--- Data for processing ---

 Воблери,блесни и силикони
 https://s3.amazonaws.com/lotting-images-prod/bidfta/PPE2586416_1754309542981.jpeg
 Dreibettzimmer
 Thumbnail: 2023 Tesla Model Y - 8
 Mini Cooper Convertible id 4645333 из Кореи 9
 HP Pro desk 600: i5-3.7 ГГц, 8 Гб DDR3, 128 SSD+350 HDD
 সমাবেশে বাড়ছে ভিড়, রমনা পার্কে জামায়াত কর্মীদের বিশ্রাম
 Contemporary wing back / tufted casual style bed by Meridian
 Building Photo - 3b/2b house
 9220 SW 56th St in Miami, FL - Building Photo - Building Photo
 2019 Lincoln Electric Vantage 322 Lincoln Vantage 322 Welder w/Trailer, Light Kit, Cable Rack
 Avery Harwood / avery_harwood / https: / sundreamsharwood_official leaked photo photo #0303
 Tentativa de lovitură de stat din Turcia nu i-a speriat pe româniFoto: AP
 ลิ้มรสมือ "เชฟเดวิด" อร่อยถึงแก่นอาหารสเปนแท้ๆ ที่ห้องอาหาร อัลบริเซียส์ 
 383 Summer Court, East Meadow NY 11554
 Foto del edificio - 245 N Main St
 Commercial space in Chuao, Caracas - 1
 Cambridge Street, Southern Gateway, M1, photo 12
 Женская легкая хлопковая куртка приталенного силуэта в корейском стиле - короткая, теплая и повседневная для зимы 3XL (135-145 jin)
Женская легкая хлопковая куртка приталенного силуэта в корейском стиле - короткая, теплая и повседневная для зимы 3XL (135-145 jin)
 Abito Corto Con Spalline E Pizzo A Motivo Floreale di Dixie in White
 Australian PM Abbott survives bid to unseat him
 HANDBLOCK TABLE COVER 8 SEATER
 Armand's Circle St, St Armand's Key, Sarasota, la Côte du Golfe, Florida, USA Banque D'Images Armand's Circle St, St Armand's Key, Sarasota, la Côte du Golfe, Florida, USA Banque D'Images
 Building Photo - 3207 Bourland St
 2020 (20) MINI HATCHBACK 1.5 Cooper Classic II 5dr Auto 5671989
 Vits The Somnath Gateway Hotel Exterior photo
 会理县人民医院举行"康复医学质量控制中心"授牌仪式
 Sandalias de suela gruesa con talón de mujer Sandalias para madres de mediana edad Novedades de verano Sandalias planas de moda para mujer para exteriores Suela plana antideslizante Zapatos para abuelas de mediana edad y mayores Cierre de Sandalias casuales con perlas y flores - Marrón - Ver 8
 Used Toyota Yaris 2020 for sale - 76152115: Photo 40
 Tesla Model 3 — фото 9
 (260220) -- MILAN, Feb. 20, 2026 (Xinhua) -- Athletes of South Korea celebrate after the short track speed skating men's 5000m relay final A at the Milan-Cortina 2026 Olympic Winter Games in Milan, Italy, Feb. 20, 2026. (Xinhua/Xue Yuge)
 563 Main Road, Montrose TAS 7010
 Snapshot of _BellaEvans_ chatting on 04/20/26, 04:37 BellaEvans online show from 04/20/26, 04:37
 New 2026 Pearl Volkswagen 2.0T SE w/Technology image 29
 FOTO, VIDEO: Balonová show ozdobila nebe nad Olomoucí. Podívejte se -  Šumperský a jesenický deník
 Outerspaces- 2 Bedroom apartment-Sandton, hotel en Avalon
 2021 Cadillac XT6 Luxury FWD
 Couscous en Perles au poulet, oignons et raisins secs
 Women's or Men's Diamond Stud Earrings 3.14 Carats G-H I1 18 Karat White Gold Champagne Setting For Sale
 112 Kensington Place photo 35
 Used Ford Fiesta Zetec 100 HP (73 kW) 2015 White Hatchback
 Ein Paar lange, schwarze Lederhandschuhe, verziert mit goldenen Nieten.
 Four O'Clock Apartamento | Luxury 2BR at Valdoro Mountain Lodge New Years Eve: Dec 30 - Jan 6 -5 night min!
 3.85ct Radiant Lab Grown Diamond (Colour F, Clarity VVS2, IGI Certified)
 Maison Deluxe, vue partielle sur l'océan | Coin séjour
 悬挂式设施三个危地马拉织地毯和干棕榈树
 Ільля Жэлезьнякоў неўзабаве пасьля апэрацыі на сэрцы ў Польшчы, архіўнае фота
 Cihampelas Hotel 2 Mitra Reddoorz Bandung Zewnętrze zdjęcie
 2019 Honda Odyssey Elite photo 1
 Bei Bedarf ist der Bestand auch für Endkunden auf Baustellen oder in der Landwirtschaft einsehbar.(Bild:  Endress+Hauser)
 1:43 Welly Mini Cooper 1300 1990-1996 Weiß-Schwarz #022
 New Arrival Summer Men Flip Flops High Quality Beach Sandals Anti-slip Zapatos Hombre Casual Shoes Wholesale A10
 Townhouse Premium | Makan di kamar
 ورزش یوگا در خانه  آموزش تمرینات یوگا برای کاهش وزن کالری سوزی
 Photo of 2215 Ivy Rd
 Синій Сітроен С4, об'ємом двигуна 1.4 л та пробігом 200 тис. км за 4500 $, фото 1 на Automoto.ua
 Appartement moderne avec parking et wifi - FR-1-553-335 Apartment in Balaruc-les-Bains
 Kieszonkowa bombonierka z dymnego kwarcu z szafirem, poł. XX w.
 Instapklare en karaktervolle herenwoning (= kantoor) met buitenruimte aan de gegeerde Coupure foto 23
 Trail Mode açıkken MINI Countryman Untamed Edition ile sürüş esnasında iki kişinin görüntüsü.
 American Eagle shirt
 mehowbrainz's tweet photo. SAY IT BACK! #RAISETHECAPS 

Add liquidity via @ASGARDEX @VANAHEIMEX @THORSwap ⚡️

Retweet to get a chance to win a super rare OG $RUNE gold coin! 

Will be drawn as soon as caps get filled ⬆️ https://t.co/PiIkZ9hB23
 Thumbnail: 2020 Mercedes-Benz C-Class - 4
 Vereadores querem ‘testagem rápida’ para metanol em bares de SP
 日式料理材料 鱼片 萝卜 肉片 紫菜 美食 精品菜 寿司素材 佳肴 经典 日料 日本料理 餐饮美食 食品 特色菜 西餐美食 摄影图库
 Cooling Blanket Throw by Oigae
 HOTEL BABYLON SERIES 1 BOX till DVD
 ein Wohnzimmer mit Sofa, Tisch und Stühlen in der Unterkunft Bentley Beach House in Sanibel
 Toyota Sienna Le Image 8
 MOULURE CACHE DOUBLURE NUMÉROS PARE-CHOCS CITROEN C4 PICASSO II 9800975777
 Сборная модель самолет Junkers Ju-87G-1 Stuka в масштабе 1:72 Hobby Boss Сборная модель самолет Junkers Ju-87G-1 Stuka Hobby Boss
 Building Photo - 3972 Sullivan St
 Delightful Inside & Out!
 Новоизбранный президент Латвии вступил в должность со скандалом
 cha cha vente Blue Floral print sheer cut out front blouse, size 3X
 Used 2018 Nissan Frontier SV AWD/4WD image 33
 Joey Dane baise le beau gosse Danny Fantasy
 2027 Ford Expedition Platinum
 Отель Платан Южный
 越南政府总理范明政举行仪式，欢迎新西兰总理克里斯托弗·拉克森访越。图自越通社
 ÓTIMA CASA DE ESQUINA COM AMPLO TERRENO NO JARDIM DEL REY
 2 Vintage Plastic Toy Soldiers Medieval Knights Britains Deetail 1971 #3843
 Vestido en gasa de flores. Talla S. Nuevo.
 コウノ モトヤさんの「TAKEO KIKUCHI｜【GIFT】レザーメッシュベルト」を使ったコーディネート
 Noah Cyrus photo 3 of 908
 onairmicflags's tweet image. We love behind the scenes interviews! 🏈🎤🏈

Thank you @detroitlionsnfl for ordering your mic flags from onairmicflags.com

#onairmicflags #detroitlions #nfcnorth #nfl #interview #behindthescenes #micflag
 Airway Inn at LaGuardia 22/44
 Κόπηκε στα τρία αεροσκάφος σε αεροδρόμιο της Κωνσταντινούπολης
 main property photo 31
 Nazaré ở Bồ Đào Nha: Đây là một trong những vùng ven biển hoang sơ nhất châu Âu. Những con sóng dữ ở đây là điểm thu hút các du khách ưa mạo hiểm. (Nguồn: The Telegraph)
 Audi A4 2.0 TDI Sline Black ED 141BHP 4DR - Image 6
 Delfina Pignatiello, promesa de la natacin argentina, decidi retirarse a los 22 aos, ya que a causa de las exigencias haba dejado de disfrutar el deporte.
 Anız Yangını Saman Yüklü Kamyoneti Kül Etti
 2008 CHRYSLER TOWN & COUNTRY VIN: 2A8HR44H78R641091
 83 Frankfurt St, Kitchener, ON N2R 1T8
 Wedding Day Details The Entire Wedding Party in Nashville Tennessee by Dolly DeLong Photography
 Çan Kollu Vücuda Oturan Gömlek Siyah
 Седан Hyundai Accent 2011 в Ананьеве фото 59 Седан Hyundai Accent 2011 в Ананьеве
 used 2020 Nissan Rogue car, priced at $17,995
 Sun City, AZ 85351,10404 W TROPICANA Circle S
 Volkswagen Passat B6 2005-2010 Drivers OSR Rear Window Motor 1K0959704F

---

• **Directions for this task**
Which lines run from the one holding "Maison Deluxe, vue" through the one holding "Photo of 2215 Ivy Rd" in the records above? Repeat them exactly, both included, and nothing more.

• **Output for this exercise**
 Maison Deluxe, vue partielle sur l'océan | Coin séjour
 悬挂式设施三个危地马拉织地毯和干棕榈树
 Ільля Жэлезьнякоў неўзабаве пасьля апэрацыі на сэрцы ў Польшчы, архіўнае фота
 Cihampelas Hotel 2 Mitra Reddoorz Bandung Zewnętrze zdjęcie
 2019 Honda Odyssey Elite photo 1
 Bei Bedarf ist der Bestand auch für Endkunden auf Baustellen oder in der Landwirtschaft einsehbar.(Bild:  Endress+Hauser)
 1:43 Welly Mini Cooper 1300 1990-1996 Weiß-Schwarz #022
 New Arrival Summer Men Flip Flops High Quality Beach Sandals Anti-slip Zapatos Hombre Casual Shoes Wholesale A10
 Townhouse Premium | Makan di kamar
 ورزش یوگا در خانه  آموزش تمرینات یوگا برای کاهش وزن کالری سوزی
 Photo of 2215 Ivy Rd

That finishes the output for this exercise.